▶ [Provided information]
* * *
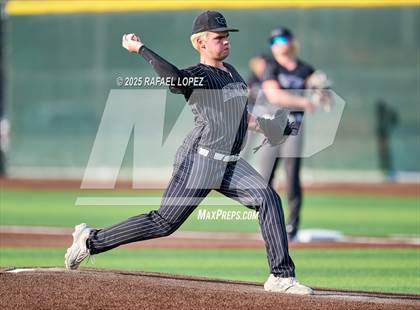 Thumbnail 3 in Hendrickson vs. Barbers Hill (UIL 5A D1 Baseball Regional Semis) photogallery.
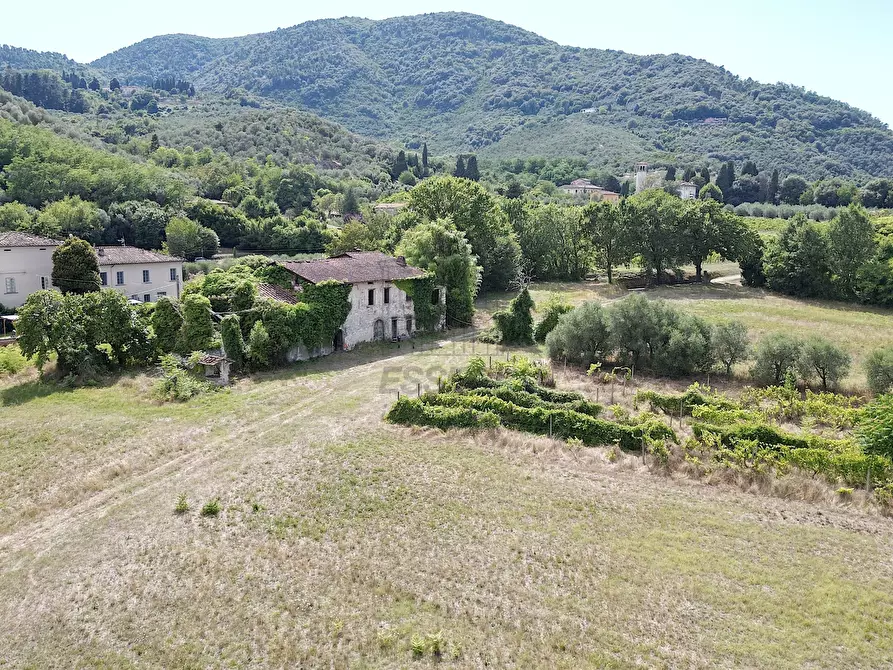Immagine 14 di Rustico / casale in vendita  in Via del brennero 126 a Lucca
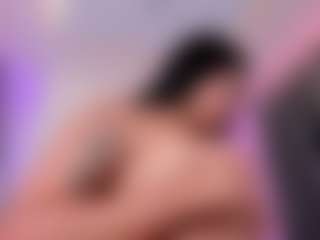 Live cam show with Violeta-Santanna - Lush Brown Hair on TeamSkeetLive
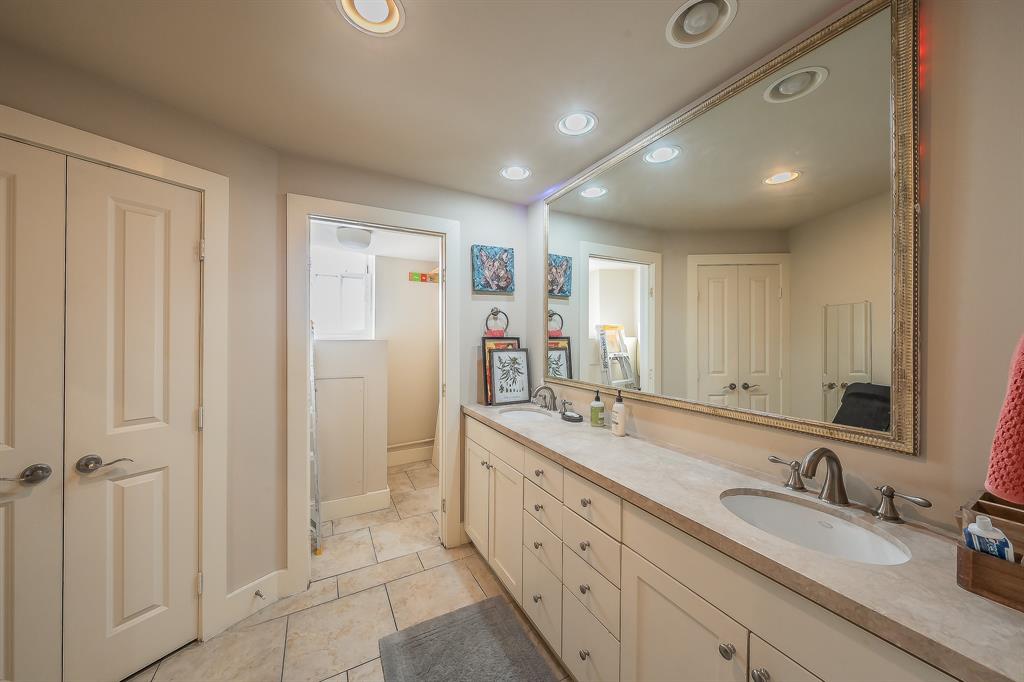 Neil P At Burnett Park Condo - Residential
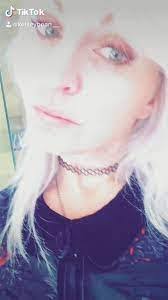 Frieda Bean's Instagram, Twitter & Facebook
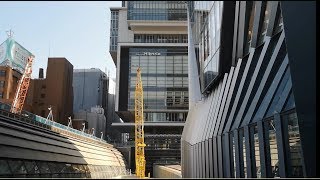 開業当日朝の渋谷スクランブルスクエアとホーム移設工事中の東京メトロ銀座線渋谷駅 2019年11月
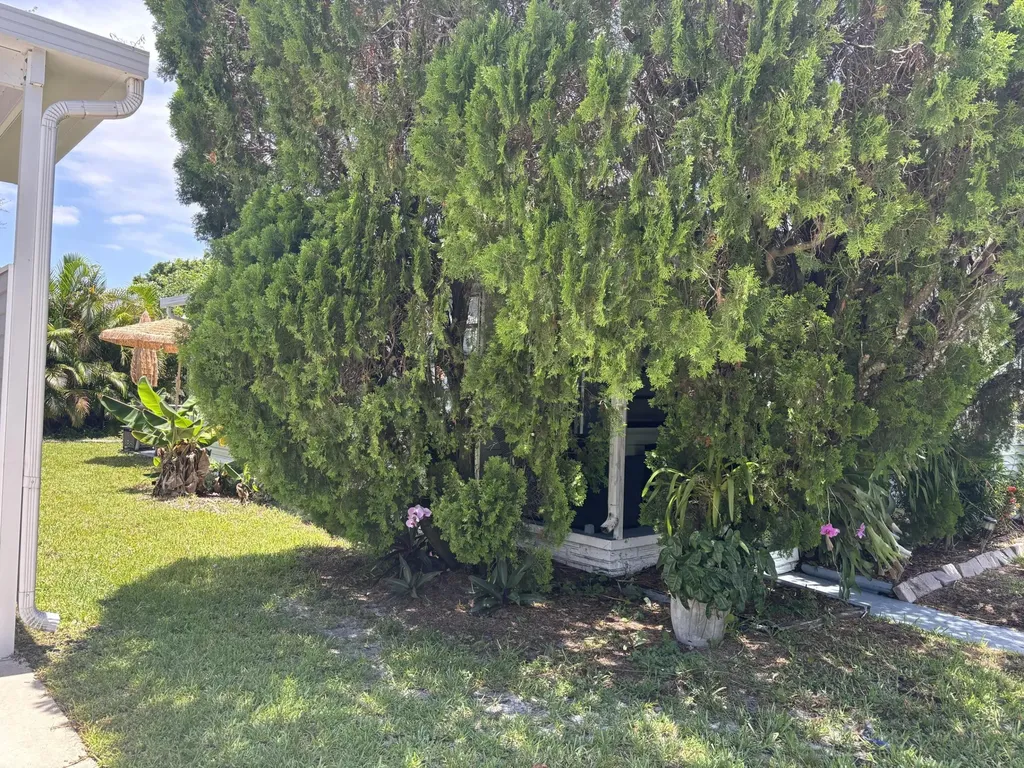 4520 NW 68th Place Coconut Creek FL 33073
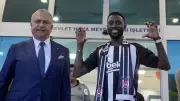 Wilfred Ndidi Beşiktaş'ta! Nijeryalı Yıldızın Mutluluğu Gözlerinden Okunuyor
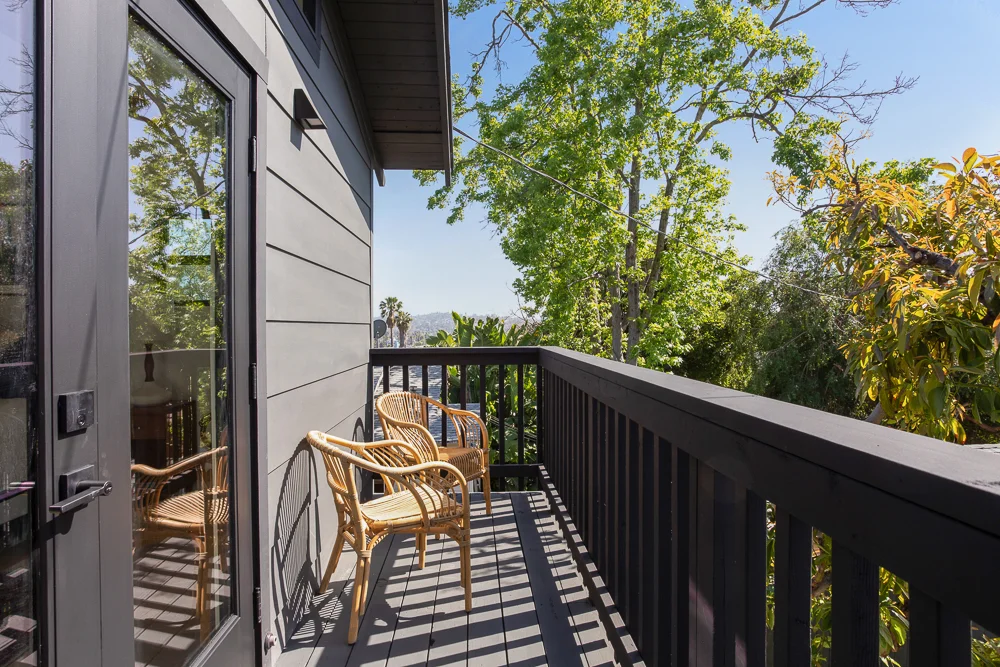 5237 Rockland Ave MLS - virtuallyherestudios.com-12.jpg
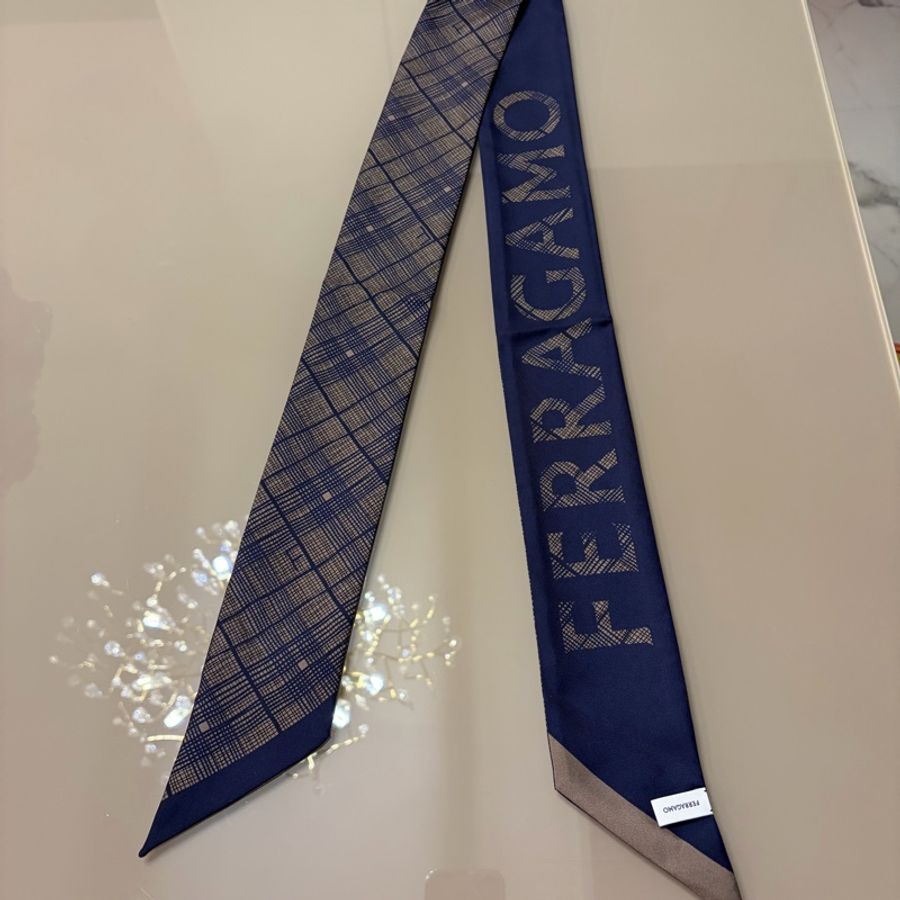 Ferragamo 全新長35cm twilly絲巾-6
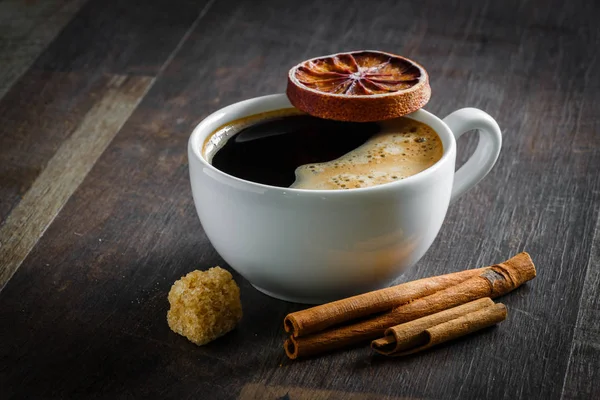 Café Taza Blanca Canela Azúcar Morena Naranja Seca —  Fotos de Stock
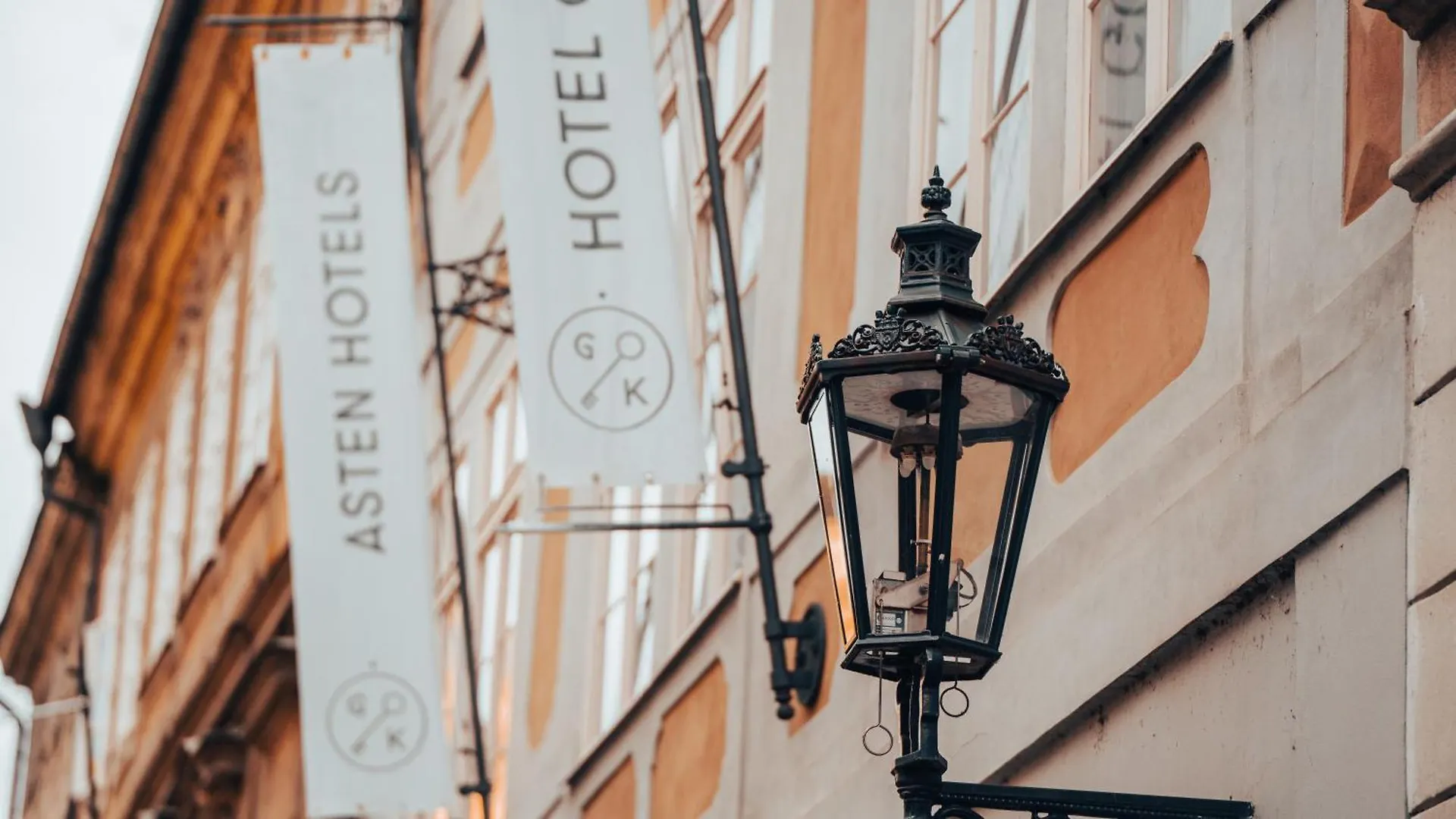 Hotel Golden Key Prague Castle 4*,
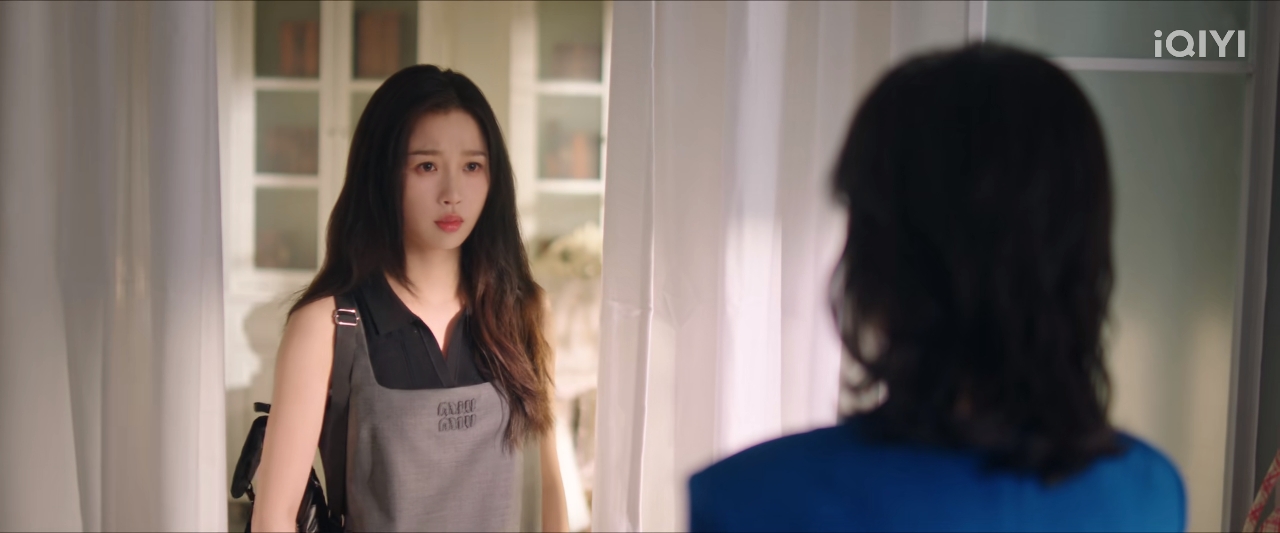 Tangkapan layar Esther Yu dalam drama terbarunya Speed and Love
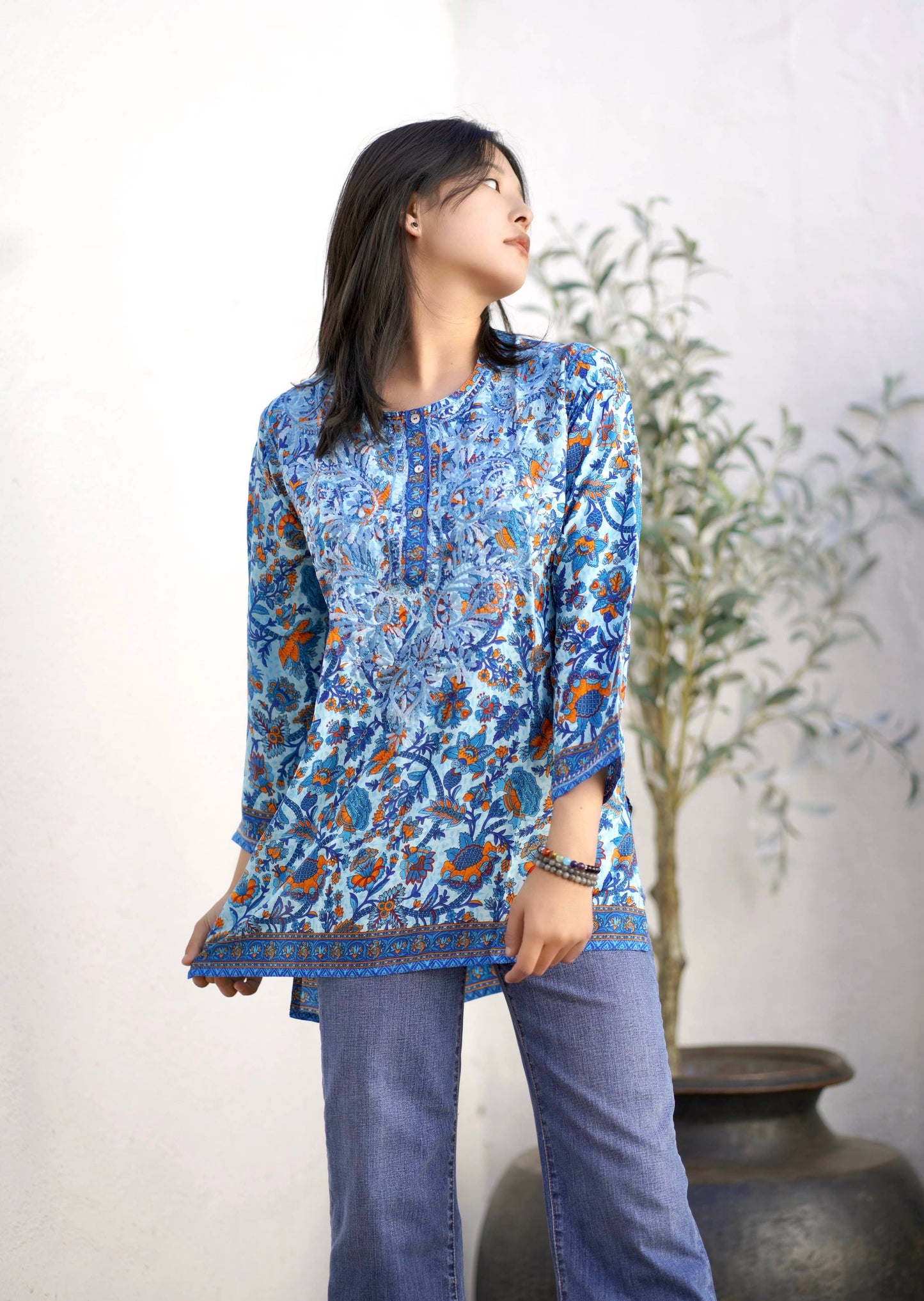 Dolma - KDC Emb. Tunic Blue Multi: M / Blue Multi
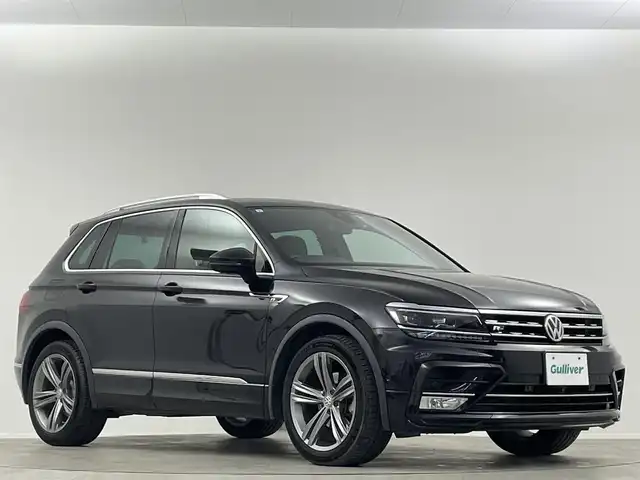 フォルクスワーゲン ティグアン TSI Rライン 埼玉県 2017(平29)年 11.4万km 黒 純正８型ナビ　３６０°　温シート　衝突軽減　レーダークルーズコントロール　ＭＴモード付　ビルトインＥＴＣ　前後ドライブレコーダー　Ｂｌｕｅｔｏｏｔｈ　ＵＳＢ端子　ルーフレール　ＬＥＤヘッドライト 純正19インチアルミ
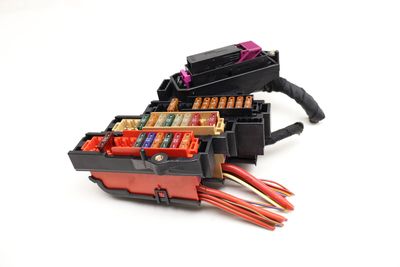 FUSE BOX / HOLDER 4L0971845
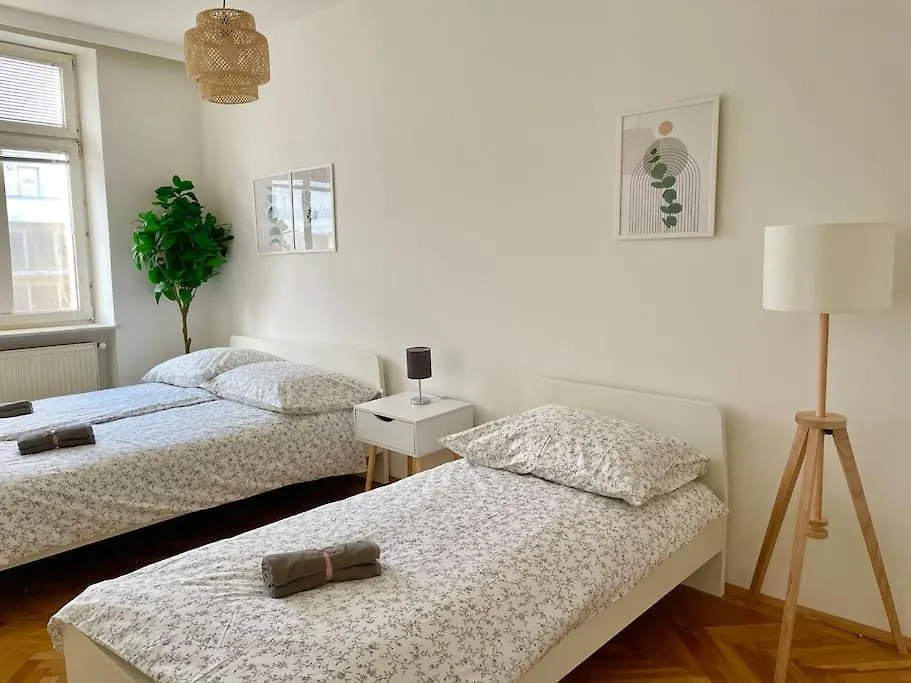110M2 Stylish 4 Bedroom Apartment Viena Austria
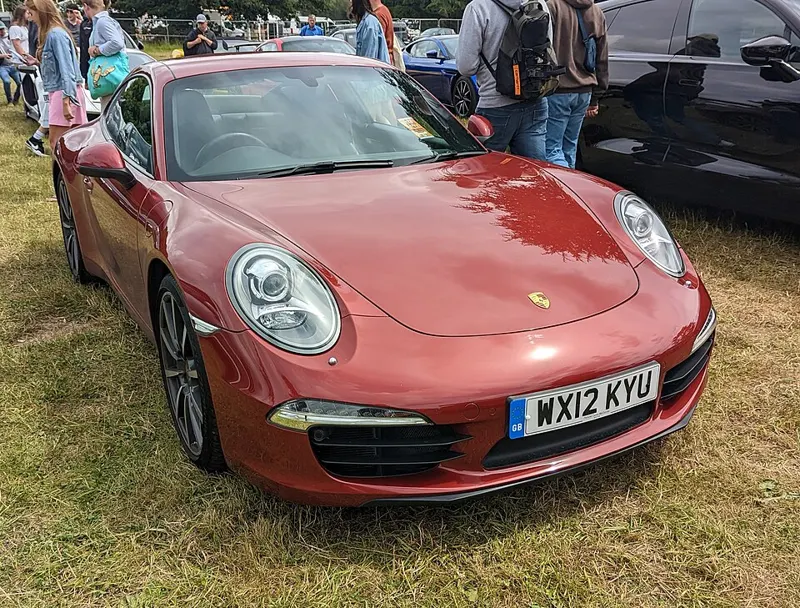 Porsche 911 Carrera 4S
* * *
▶ [What needs to be done] Take the lines from the one holding "Tangkapan layar Esther" through the final line of the listing above and copy them exactly, both ends included, with no pictures.

▶ [Output]
 Tangkapan layar Esther Yu dalam drama terbarunya Speed and Love
 Dolma - KDC Emb. Tunic Blue Multi: M / Blue Multi
 フォルクスワーゲン ティグアン TSI Rライン 埼玉県 2017(平29)年 11.4万km 黒 純正８型ナビ　３６０°　温シート　衝突軽減　レーダークルーズコントロール　ＭＴモード付　ビルトインＥＴＣ　前後ドライブレコーダー　Ｂｌｕｅｔｏｏｔｈ　ＵＳＢ端子　ルーフレール　ＬＥＤヘッドライト 純正19インチアルミ
 FUSE BOX / HOLDER 4L0971845
110M2 Stylish 4 Bedroom Apartment Viena Austria
 Porsche 911 Carrera 4S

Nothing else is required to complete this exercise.